Metal body parts recycled to create road signs
METAL body parts collected from cremations carried out in the Lothians are being recycled into road signs and aeroplane parts abroad.
Steel hips, plates, screws and even fillings which survive the 1000C heat are collected and sold for use in the automobile and aeronautical industries as part of a national recycling scheme.
Seafield in Edinburgh and West Lothian Crematorium are both signed up to the programme, where all money raised goes to charity.
Consent is obtained from the families before the service, with many viewing it the most respectful way of disposing of the unwanted remains.
Darren Owenson, crematorium officer at West Lothian, said the system had been operating there since the facility opened in 2010.
He said: “Because it’s such a sensitive issue, it goes to a company that deals with precious metal. They recycle it and all the money raised by that comes back to the crematorium group and they decide on the charity that they want to give it to.
“At the end of the year we have a carol service where all the families that have used the crematorium are invited to come and participate in the service and light candles.

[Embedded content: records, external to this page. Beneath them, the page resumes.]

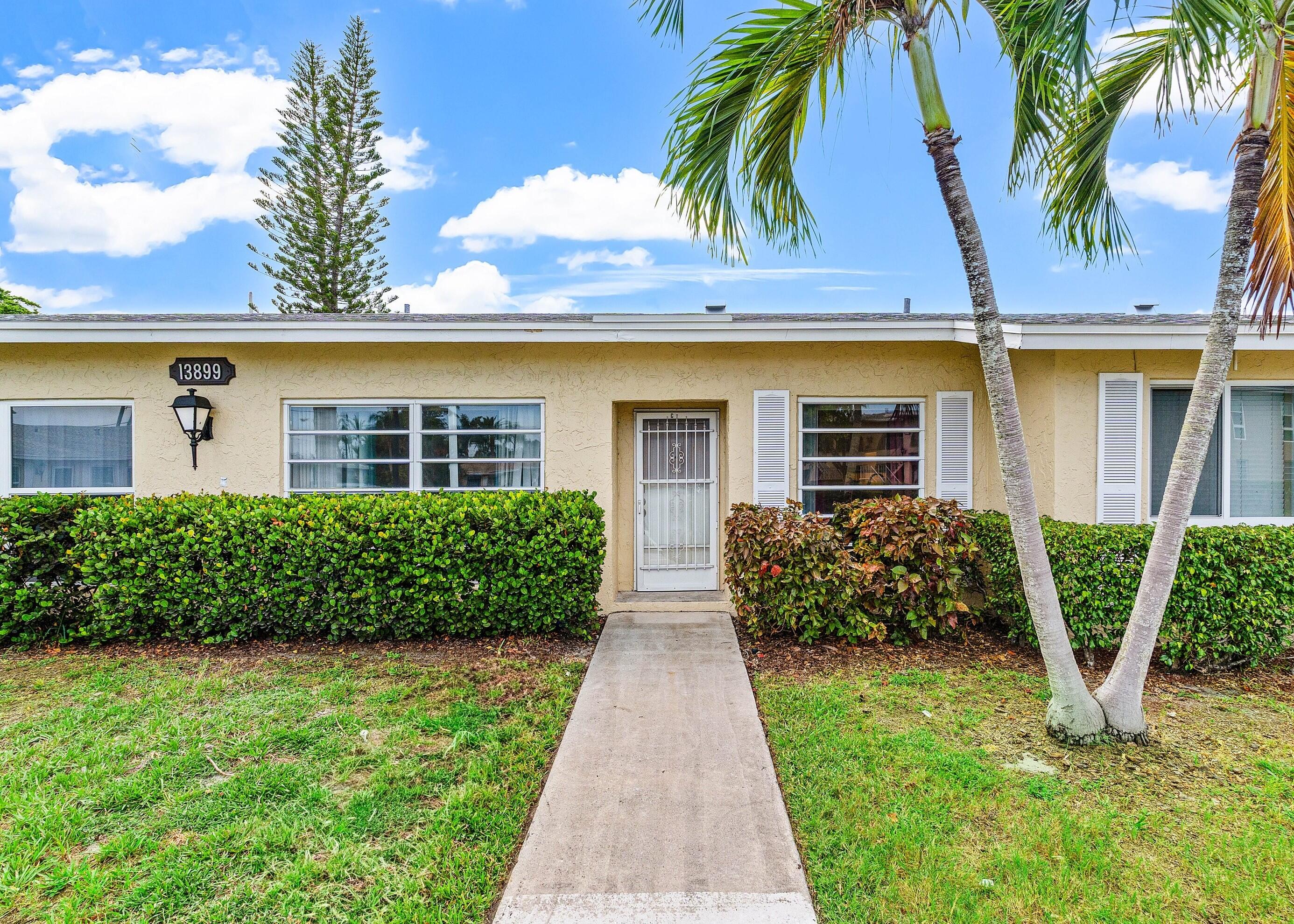 13899 Via Aurora, Unit C Delray Beach, FL 33484 - Photo 32 of 39 a front view of a house with a garden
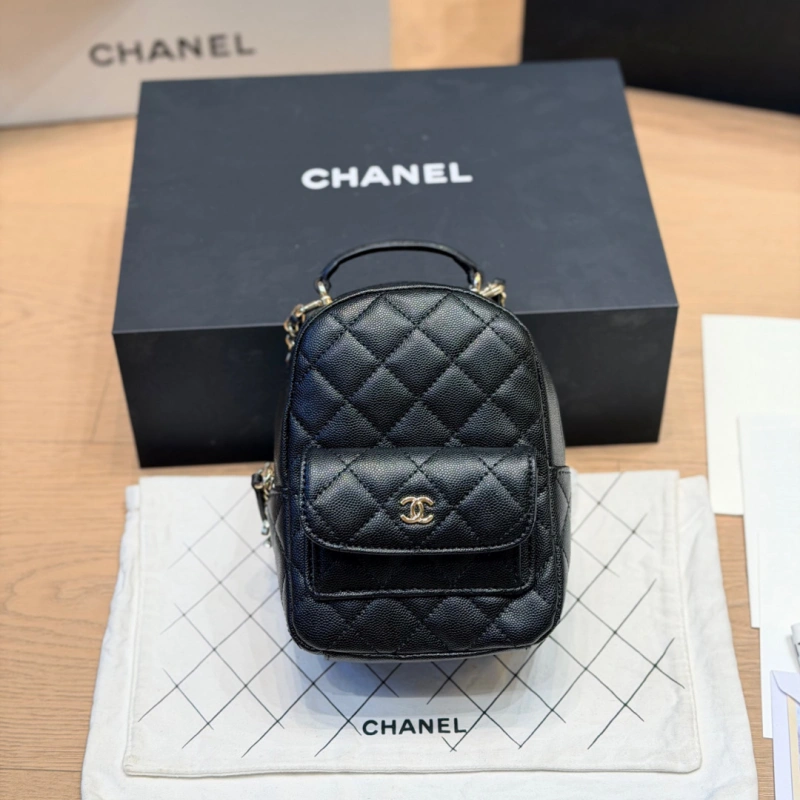 13429073920535600 Mini backpack in black pebbled calfskin with gold-tone accents-box - Image 1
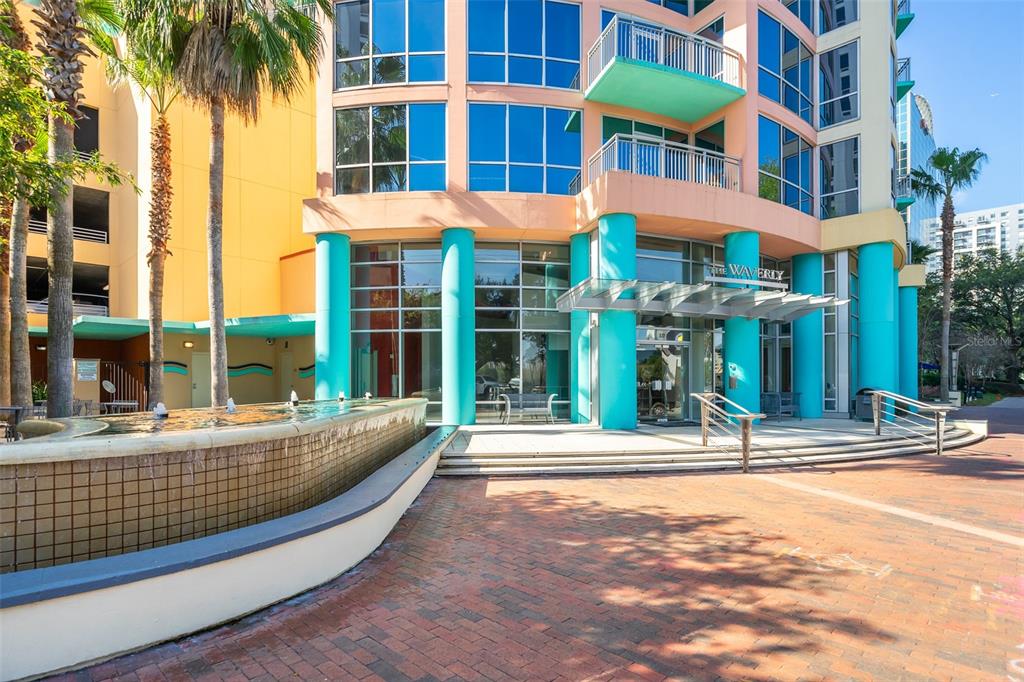 The exterior of a multi-story building features a fountain, palm trees, and a turquoise entrance — 322 E CENTRAL BOULEVARD UNIT 1602, ORLANDO, FL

“The people are present from the charities we are supporting and are usually handed the cheque then. It has raised a lot of money over the years for good causes.”
About half of Britain’s 260 crematoria are taking part in the collections, generating 75 tonnes of metal a year.
They include cobalt and titanium, found in some implants and dental work, with cobalt used in aircraft engines.
Less valuable metals are smelted down and sold for more general use such as lampposts, motorway barriers and road signs.
Special machines separate the salvaged metal from the remains once the cremation has finished. It is then stored before being collected by contractor and taken to a central facility.
The scrap is shipped off to OrthoMetals, the Dutch company behind the recycling,
Owner Ruud Verberne said metals reclaimed from cremations were being increasingly reused.
He said: “What is important is that the metals are being recycled, and this is a growing business both in Britain and elsewhere in Europe.”
Edinburgh City Council, which runs Mortonhall and Warriston crematoria, said it did not recycle metal at its venues and they were instead buried in a garden of remembrance.